I can't stress this enough: these patterns (closures and auto-executing functions to create other objects/functions) are very common in JavaScript. You might call these patterns idiomatic JavaScript. I'll agree that they can be hard to spot — heck, it's only until 200 lines later that you realize that expressionEvaluator is not a function after all but an object returned by a function that's executed immediately — but it's worth learning the pattern and how the natives speak.

So with this change we can check off that particular bug: we have one global object and no longer a dozen or so. The code to call it hasn't changed that much, and it's easy to see that everything still works properly:

console.log(expressionEvaluator.exec("1+2")); // outputs 3
console.log(expressionEvaluator.exec("1+2*3")); // outputs 7
console.log(expressionEvaluator.exec("((1+2)*(3-4))+((5*6)-(7/8))")); // outputs 26.125

State machine

Now we have a single object (since the auto-executing function is only run once, there can only ever be a single object, so it's essentially a singleton), we can get rid of the state object (there was only ever one of those too), and place all its data as fields of our evaluator object. This means we can get rid of the getCurrent method and generally clean things up.

    // State maintenance
    var expr, // the original expression string
        ch,   // the current character
        at,   // where we're at in the expression string
        advance = function() {
            ch = expr.charAt(++at);
        },
        skipWhite = function() {
            while (ch && (ch <= ' ')) { advance(); }
        },
        initialize = function(expression) {
            expr = expression;
            at = -1;
            advance();
        };

I've written this as a connected set of properties, connected in the sense of a series of variable declarations separated with commas; it's another JavaScript idiom that you may come across. The reason is that JavaScript is often minimized before use, that is, all comments and unnecessary white space is removed to make the interpreter work more efficiently. Since a comma is one character, it's often used like this instead of having a set of var declarations, which is more verbose. Notice I've added a skipWhite method to skip over any white space.

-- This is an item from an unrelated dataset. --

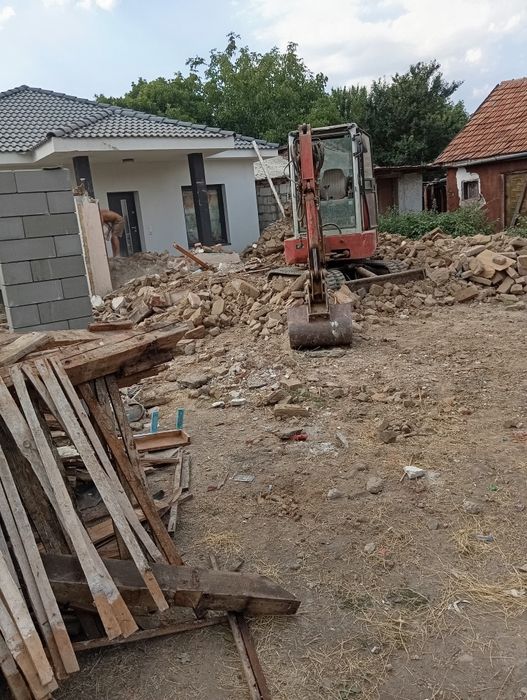 Săpături mecanizate și amenajări spatii verzi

The first statement in exec now becomes this:

initialize(expression);

...but we're in a load of hurt because everything expects a state object. Nothing works. Let's forge on.

The tokens

Next up is the whole rpnToken thing, with its encapsulation-breaking isToken and isOperator. It's just nasty, people. It's a poor man's way of creating something like the is operator in C#. I hang my head in shame, but at least I could say I did it on purpose so I could show how to refactor it. Yeah, that's the reason. Anyway...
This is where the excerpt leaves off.